Dues v. Universal Underwriters Insurance

41 Mich. App. 631 (1972) 200 N.W.2d 487

DUES
v.
UNIVERSAL UNDERWRITERS INSURANCE COMPANY.

Docket No. 11751.

Michigan Court of Appeals.

Decided June 28, 1972.

Sugar, Schwartz, Silver, Schwartz & Tyler, for defendant Universal Underwriters Insurance Company.

Frank J. Kelley, Attorney General, Robert A. Derengoski, Solicitor General, and Joseph B. Bilitzke *632 and Carl K. Karlsen, Assistants Attorney General, for defendant Motor Vehicle Accident Claims Fund.

Before: QUINN, P.J., and V.J. BRENNAN and TARGONSKI,[*] JJ.

PER CURIAM.

On April 2, 1969, plaintiff, Thomas G. Dues, applied for motor vehicle accident insurance with defendant Universal Underwriters Insurance Company. At that time, plaintiff signed the following statement:

"I understand that the policy to be issued by Universal Underwriters Insurance Company, if it is to contain liability coverage, will also include uninsured motorists coverage with limits of liability of $10,000 each person and $20,000 each accident, and further that said uninsured motorists coverage will cost me $15. I understand that uninsured motorists coverage entitles me and any other insured qualifying for uninsured motorists coverage to collect from Universal Underwriters Insurance Company such sums within the limits of uninsured motorists coverage as I or we may be legally entitled to recover as damages for bodily injury or wrongful death from the owner or operator of an uninsured vehicle. I acknowledge that uninsured motorists coverage has been explained to me to my satisfaction and that I have the right to reject such uninsured motorists coverage, and in the event that I do reject such coverage, that I will not be charged the $15 premium.

"(Signature of Thomas G. Dues)

"I hereby reject uninsured motorists coverage.

"(Do not sign if uninsured motorists coverage is desired.)"

Plaintiff was subsequently issued a policy of insurance effective from April 2, 1969, to April 2, *633 1970. The policy, as delivered to plaintiff, contained the following notice:

"The uninsured motorists coverage which is included in this policy has been explained to the named insured as required by Act 388, PA 1965. The insured can reject such coverage by notice in writing to the Company."

The policy also indicated that plaintiff had rejected such uninsured motorist coverage.

Plaintiff alleges that on May 4, 1969, he was injured as the result of the negligence of a hit-and-run driver whose identity has not been discovered. Plaintiff instituted this cause of action to obtain compensation for his injuries.
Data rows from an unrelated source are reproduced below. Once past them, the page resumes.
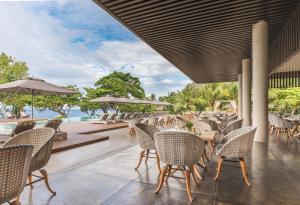 Bazén v ubytování Amorita Resort Bohol nebo v jeho okolí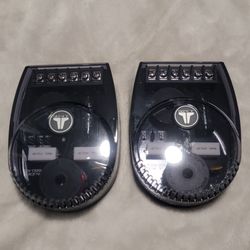 Visions Electronics - These beautiful pieces of hardware that came with my speakers that this grossly negligent company did not have the decency to install. Lazy!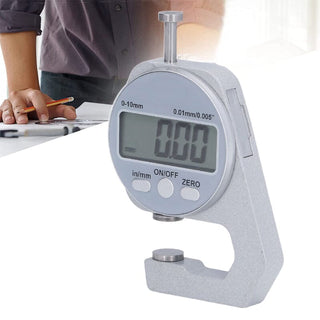 Saker Mini Digital Thickness Gauge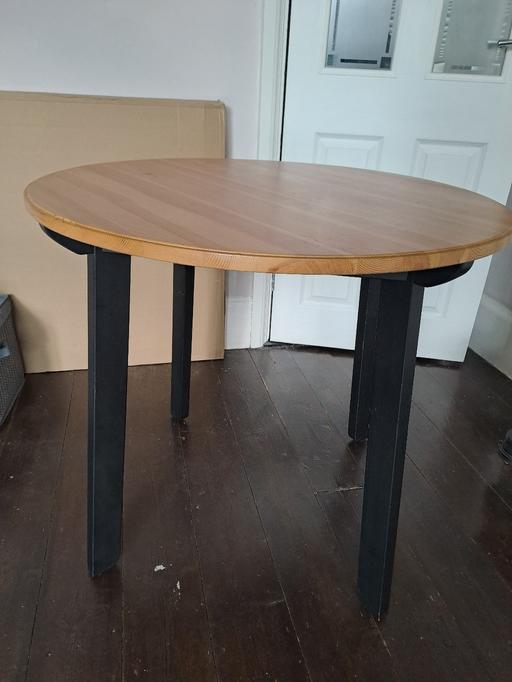 Buy & Sell Kent Gravesham - Photos for Table round wooden Ikea Diameter 85x75cm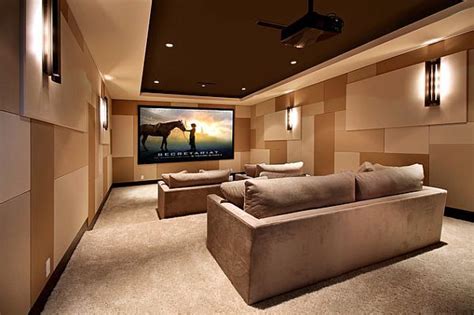 9 Awesome Media Rooms Designs Decorating Ideas For A Media Room Home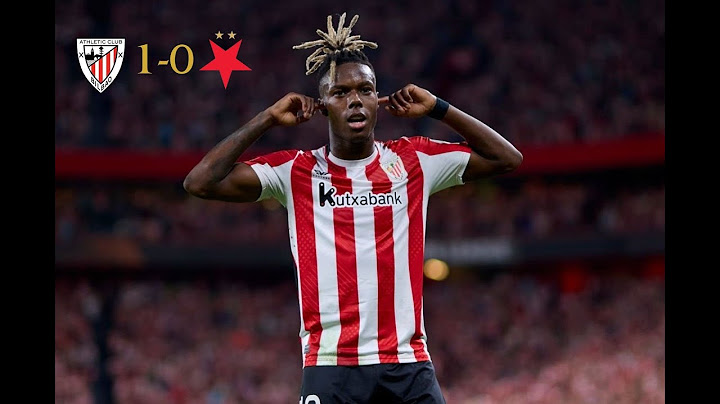 Athletic Club 1-0 Slavia Praga | El Athletic vence con un gol de Nico y un partidazo de Agirrezabala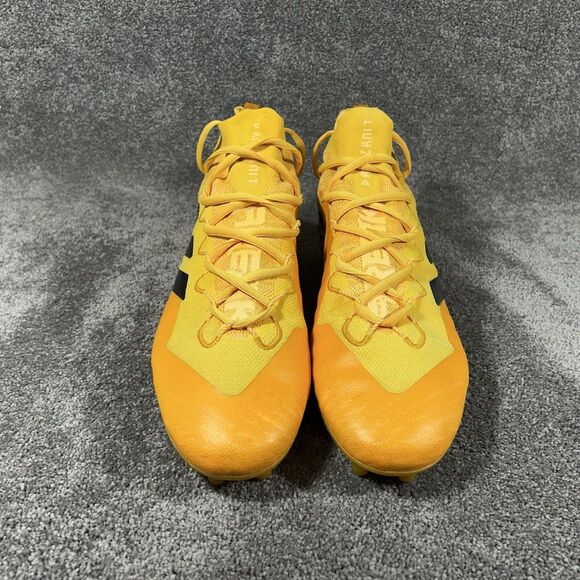 Adidas Freak Ultra 21 Boost Primeknit Yellow Football Cleat FX1306 Men's Size 17 - Picture 3 of 11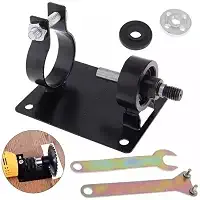 Suporte de Bancada para Furadeira | Adaptador para Disco de Corte e Polimento até 100mm | Material Metálico Durável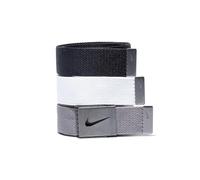 Nike Herren 3er-Pack Golf Web Gürtel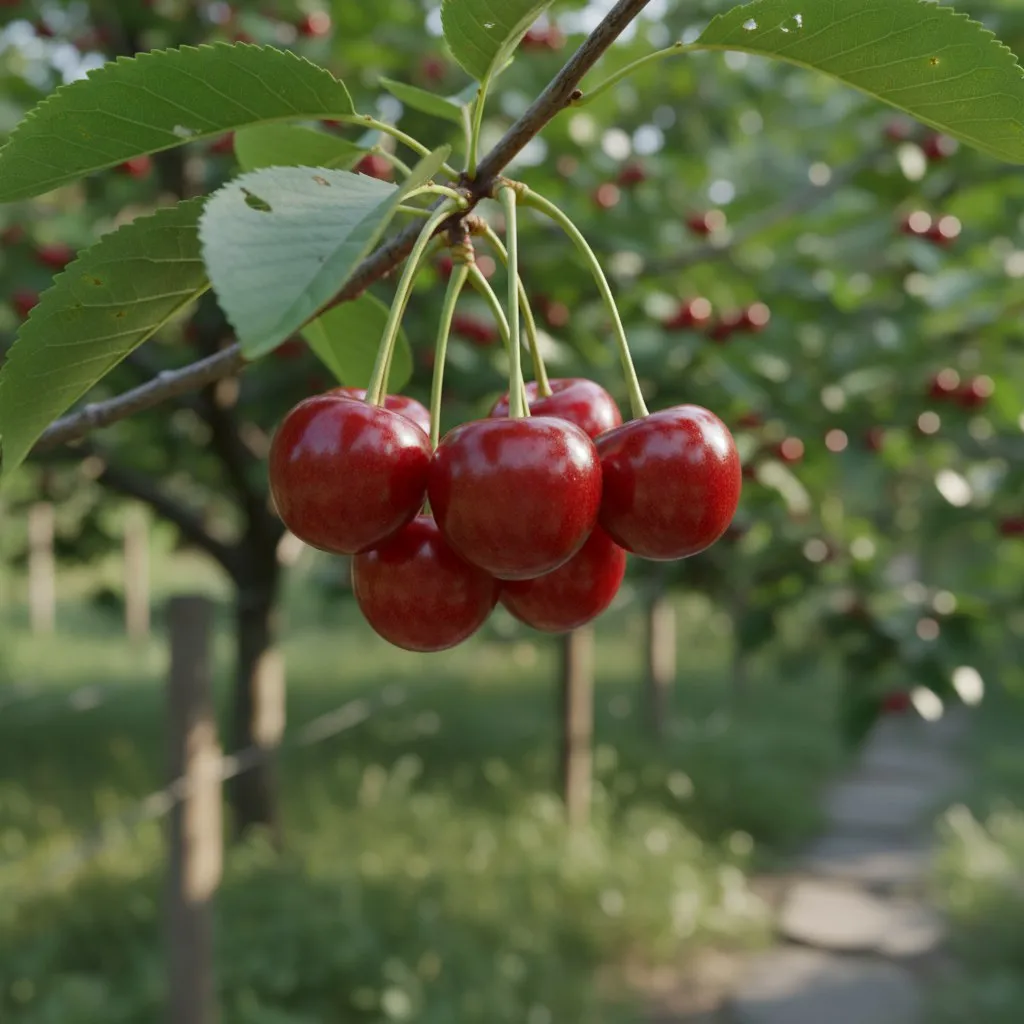 Вишня купить в Белорецке саженцы в питомнике растений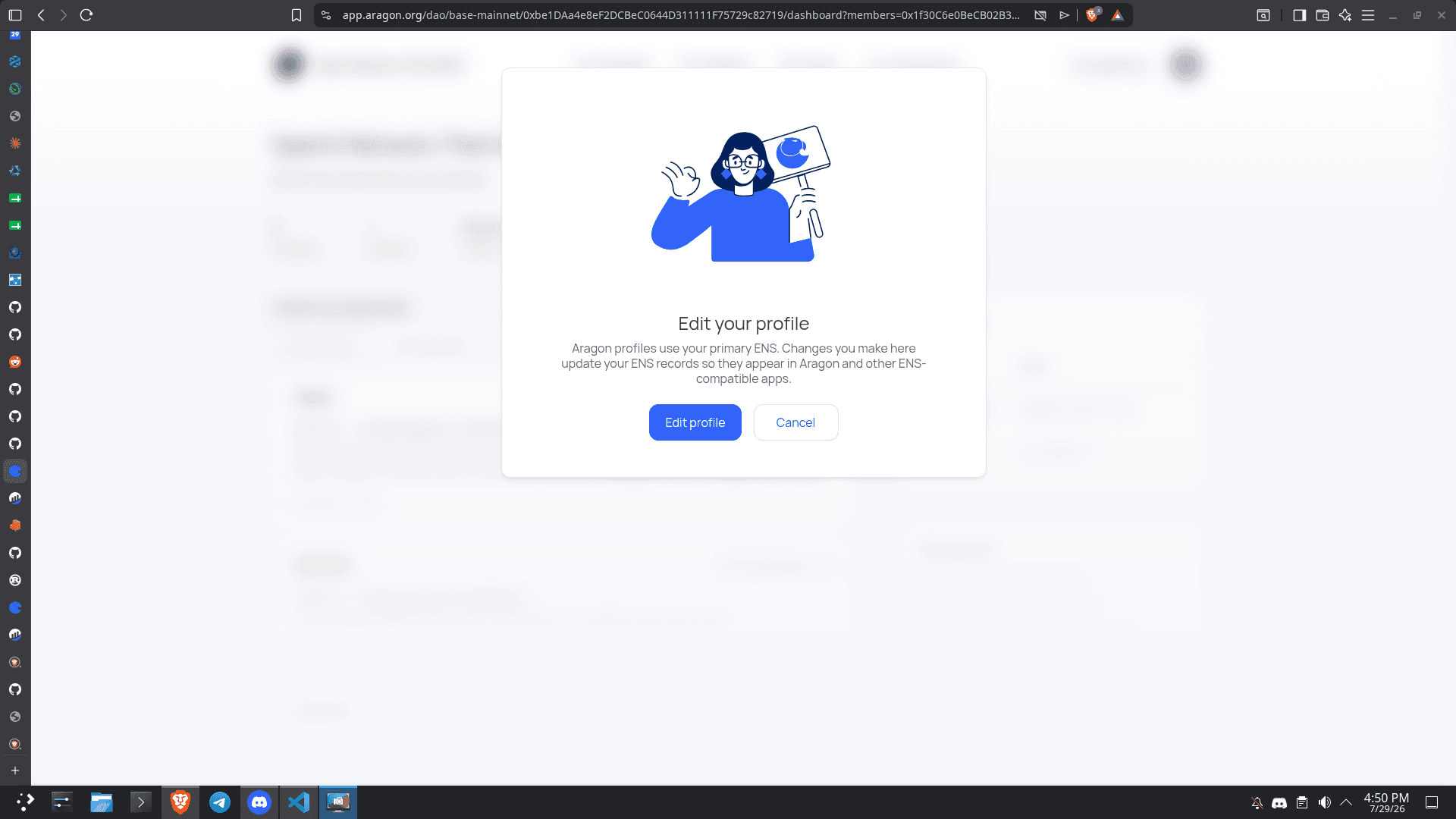 DAO profile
Plaintiff alleges that the rejection by him of uninsured motorist coverage did not comply with statutorily mandated procedures and that therefore such coverage should be read into the policy. The court below, in a written opinion, denied plaintiff's motion for summary judgment, and granted a like motion in favor of defendant Universal Underwriters. An appeal from this judgment was taken by the State Motor Vehicle Accident Claims Fund (hereinafter Fund).

The controversy herein concerns the interpretation of the uninsured motorist statute (MCLA 500.3010; MSA 24.13010) which, stripped of language irrelevant to this controversy, reads as follows:

"No automobile liability * * * policy * * * shall be delivered or issued for delivery in this state * * * unless coverage is provided therein * * * for the protection of persons insured thereunder who are legally entitled to recover damages from owners or operators of uninsured motor vehicles * * * unless the named insured rejects such coverage in writing as provided herein. All such policies shall contain a notice * * * *634 that such protection coverage was explained to him and that he can reject such coverage by notice in writing. Unless the named insured requests such coverage in writing, it need not be provided in or supplemental to a renewal policy where the named insured has rejected the coverage in connection with a policy previously issued to him by the same insurer."

The Fund, on appeal, contends that a rejection of uninsured motorist coverage prior to the delivery of a policy of insurance is ineffective. It relies on Oatis v Dairyland Insurance Co, 20 Mich. App. 367 (1969), to support that proposition. Our reading of Oatis does not square with that of the Fund. The holding therein was that a rejection of uninsured motorist coverage which occurred prior to the effective date of the uninsured motorist statute here in question did not constitute compliance with that statute. Rejection herein occurred well after the effective date of the statute. The Fund argues that in order for a rejection of uninsured motorist coverage to be valid, it must be made by the insured after the insurer has delivered to him a policy which contains uninsured motorist coverage.

The language of the statute does not support this argument. The statute requires that uninsured motorist coverage be included, as a matter of course, in all policies issued after the effective date of the statute, "unless the named insured rejects such coverage in writing as provided herein". The only provision for effecting rejection is "notice in writing", which was given. The statute says nothing as to the time of the notice and we can see no reason for reading a time provision into the statute.

Affirmed.

NOTES

[*] Former circuit judge, sitting on the Court of Appeals by assignment pursuant to Const 1963, art 6, § 23 as amended in 1968.